Sorry about the bigger-than-usual gap since my last entry. My mum, sister and my sister’s three boys have been in town visiting for the first time from Texas for almost two months and everything’s been really busy with kids EVERYWHERE.
Of course there was my little monster Felix who keeps me busy anyway…
But there was also 5yr old Alex (the loud one)…
And 3yr old twin brothers, Shaya on the left (the temperamental one) and Faris on the right (the charming one)…
I LOVE these boys more than anything, but I have to say it was a challenge at first. They burst through the front door like a stampede of wilder beast - jumping on the sofa, knocking the lamp down, pulling the microwave off the counter (oh yes he did), smashing glasses and so on. It was horrendous!
The thing is, my aversion to mess started young. I was raised by messy parents. My folks were never really like other parents with the whole tidying-up thing. It was always a case of "Lets have fun and clean up later", but of course later never came. So while other kids dreamed of never being nagged to tidy their rooms, I dreamed of being a domestic goddess with my own pristine little palace.
Ugh! I just realised they turned me into a stereotype!

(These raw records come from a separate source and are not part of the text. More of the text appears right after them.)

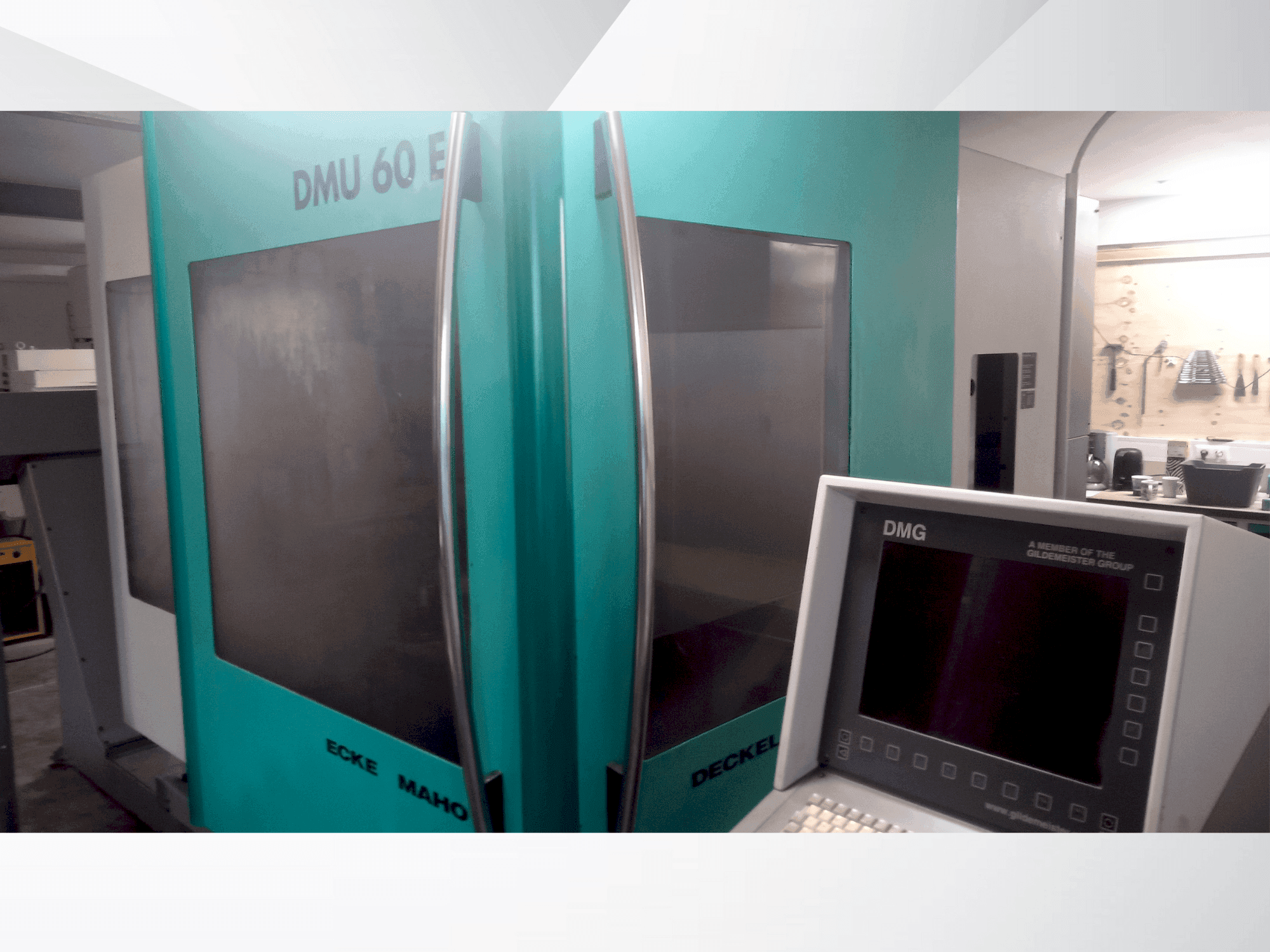 Makine DECKEL MAHO DMU 60 E - Önden görünüm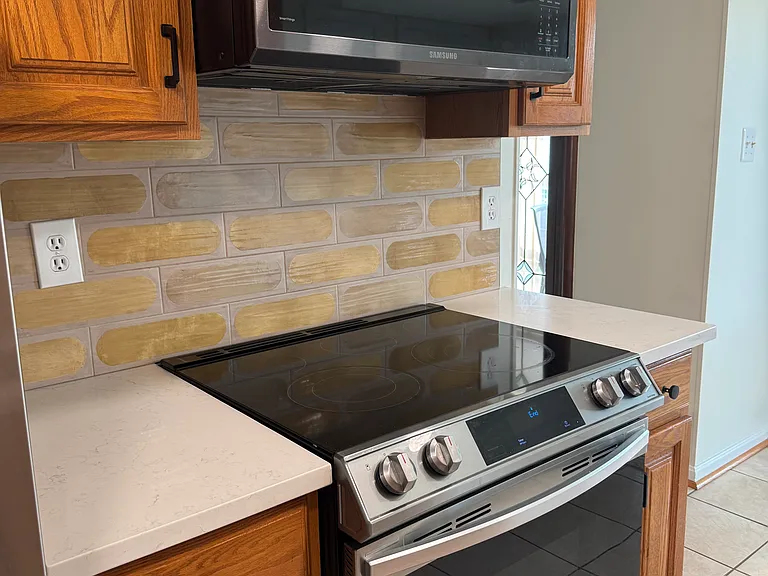 10210 Bushman Dr #323 — Photo 5
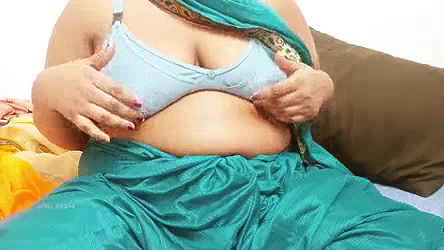 Bangladeshi lady big boobs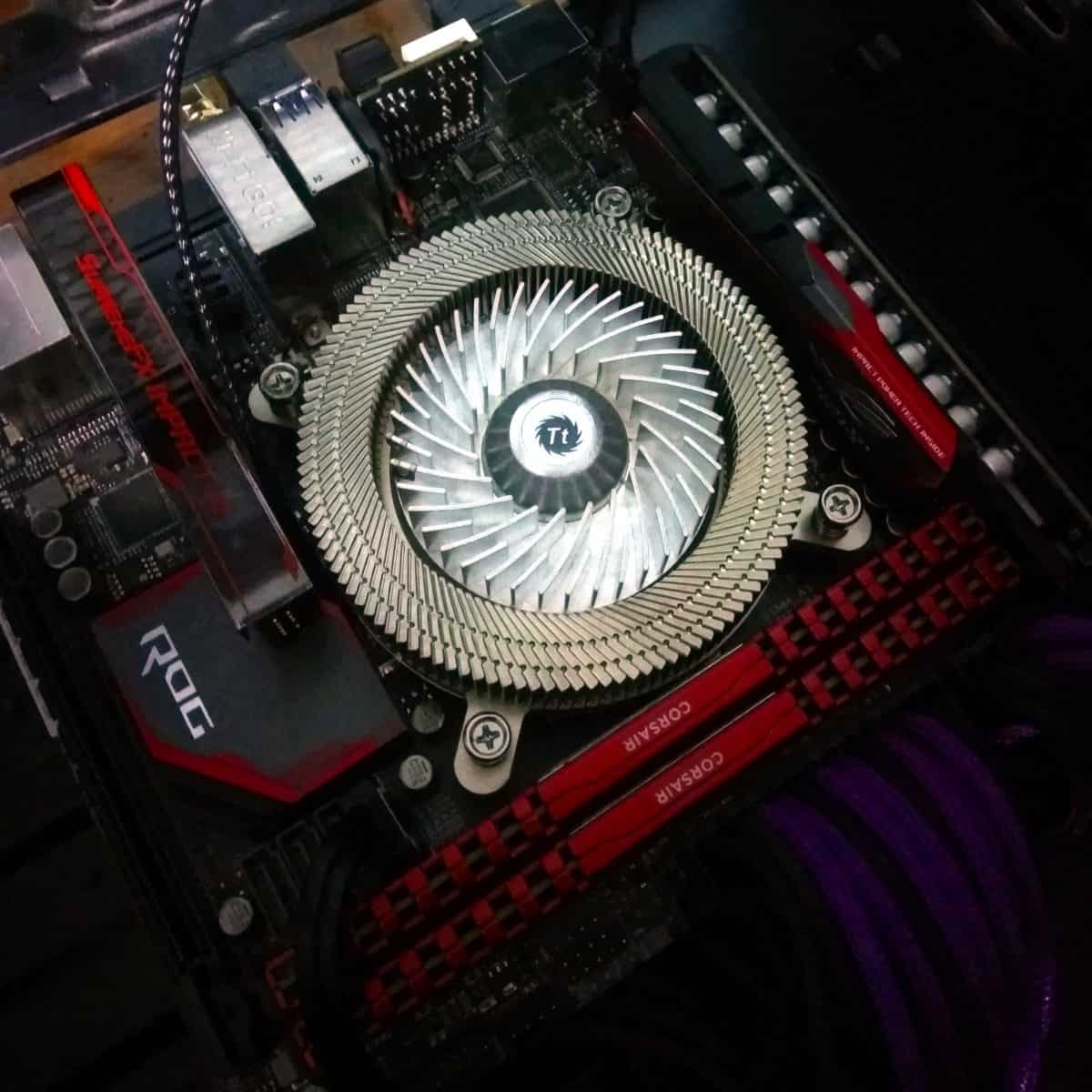 Recensione Thermaltake Engine 27 Tech Hardware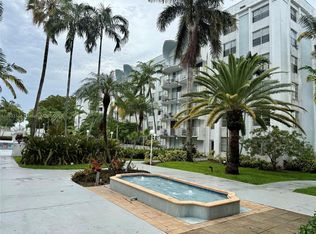 492 NW 165th Street Rd APT C609, Miami, FL 33169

Anyway even past childhood I didn't quite get my tidy-fix for a while. Around the age of 20 I moved into a house share with four others, so as you can imagine I would wake to pizza boxes and cigarette butts. It then became a lot more civilized when I moved in with a guy called Joe who was obsessed with the Golden Girls, before living on my own for a short time but not really long enough to make my mark. I then moved back home in my late 20s, shortly after which my mum moved to the states to help my sister raise her kids after having divorced my dad. By this time the only people in the family home were my dad, a typical laid back bloke, and me, an ultra-clean gay man. So I rose from the ashes like a phoenix and took my crown as the mistress of the house!
Then the family visited…
You can imagine the horror before my eyes when I walked into the living room to see it totally wrecked by three excited little boys. Forget seeing red, it was like watching the scene from The Shining where blood covers the room. I grabbed Felix and ran up to my room to take sanctuary. If I’d stayed downstairs there would’ve been some serious redrum.
After the initial shock I realised I needed to suck it up as this family time was valuable. Felix and I emerged from the bedroom a month later to join the family on excursions – a convention at Earl’s Court, shopping on Green Street, Alex’s birthday picnic in Valentine’s Park etc.
Actually the shopping on Green Street was interesting. It was just the other day actually, their last weekend in London. Green Street is an Indian street in the East End where you can buy food, fabric, Bollywood movies and so on. As a kid I spent many painful afternoons being dragged down that street waiting for my mum as she stopped in EVERY shop feeling fabrics, tasting samosas, squeezing vegetables and sipping masala tea whilst I trailed behind carrying tins of ghee and sacks of Basmati rice in her granny-trolley.
To be honest, not much had changed since I used to go. My mum still looked in every shop and I still dragged her granny trolley, only this time it was with one hand because the other was pushing a stroller! This was why it was so interesting, because it really felt like the roles had moved on. I’d become the parent dragging moody kids around! How weird!!!
But anyway that was our last weekend together. I left Felix with granddad and took them off to the airport a couple of days later. I said my goodbyes to my mum, sister and the boys and watched the noisy crowd disappear past the gates. And boy did I cry. Nothing brings tears to your eyes like being left alone at the airport.
Don’t get too sad for me because there is good news - whilst here, my sister decided that it was best for the kids to move back to London next year. She’s right of course. Kids that age need to grow up surrounded by people who love them. Actually, parents do too, because having family close by has got to be more important than a tidy house, right?